- [What this task involves]:
The data below is to be written out exactly, with no pictures.

- [Recorded information]:
────

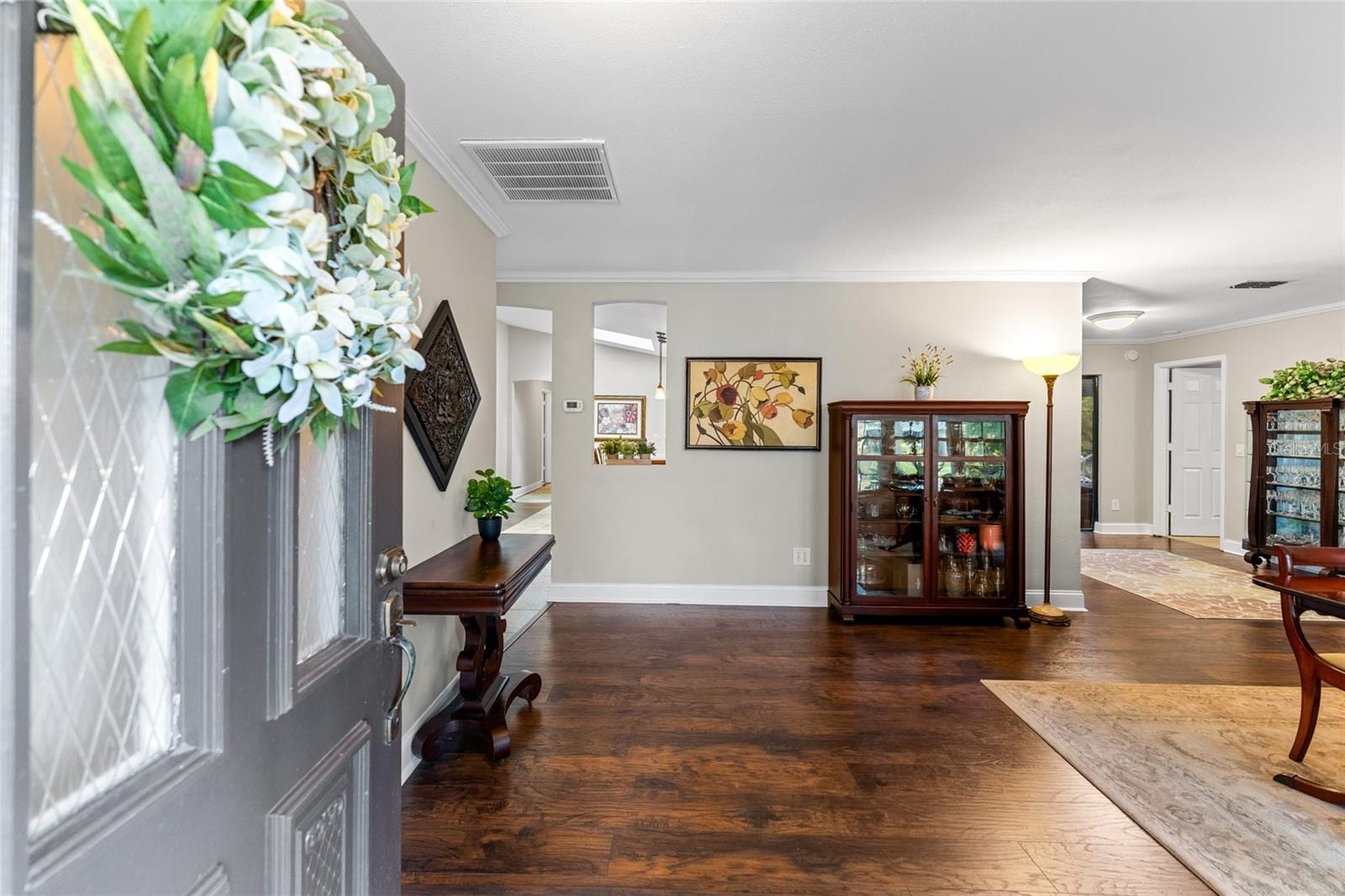 1811 LA Grande Dr photo 5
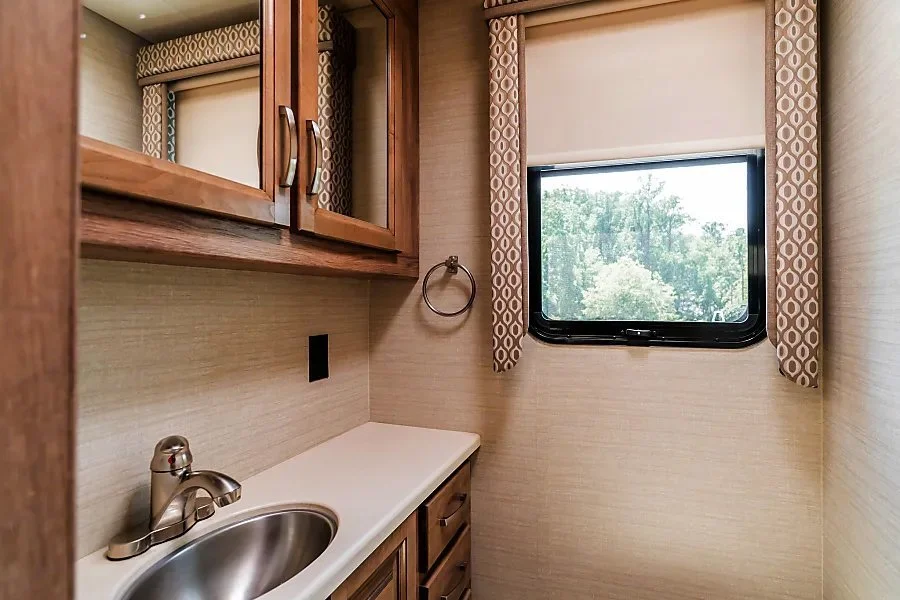 Save Money on Summer Vacation with RV Rental Services in Pennsylvania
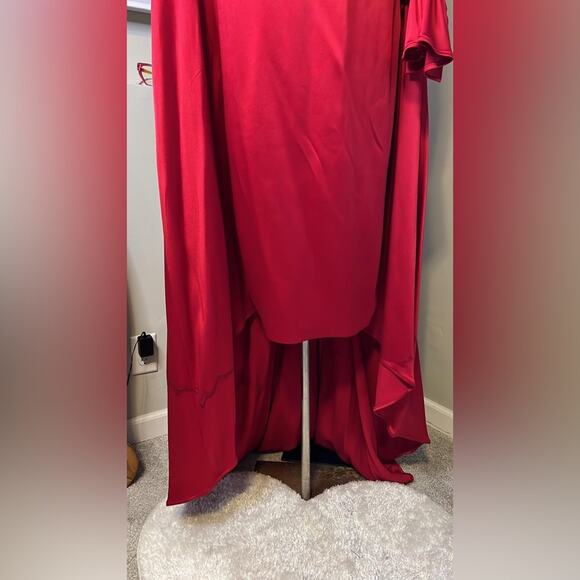 Carolina Herrera Red Dress - Long Sleeve Off Shoulder - Picture 15 of 15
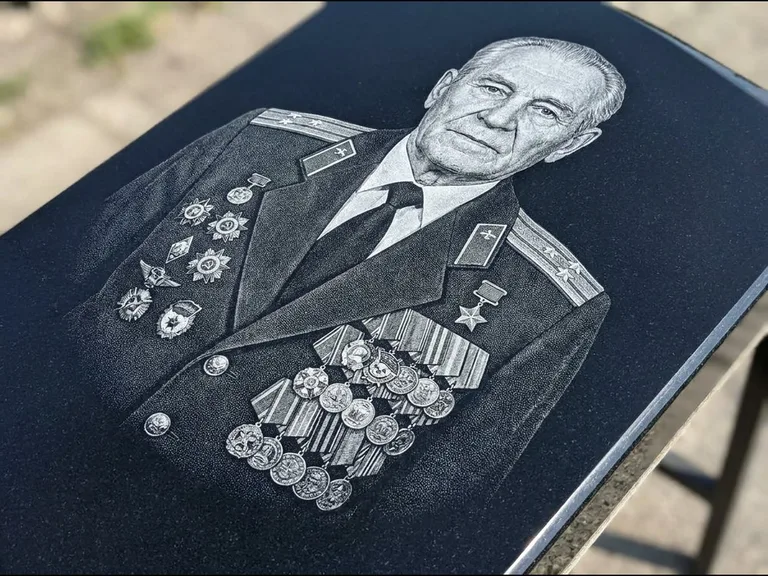 Гравировка фото на памятнике — военный / ветеран в Воронеже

────

- [Exercise answer]:
 1811 LA Grande Dr photo 5
 Save Money on Summer Vacation with RV Rental Services in Pennsylvania
 Carolina Herrera Red Dress - Long Sleeve Off Shoulder - Picture 15 of 15
 Гравировка фото на памятнике — военный / ветеран в Воронеже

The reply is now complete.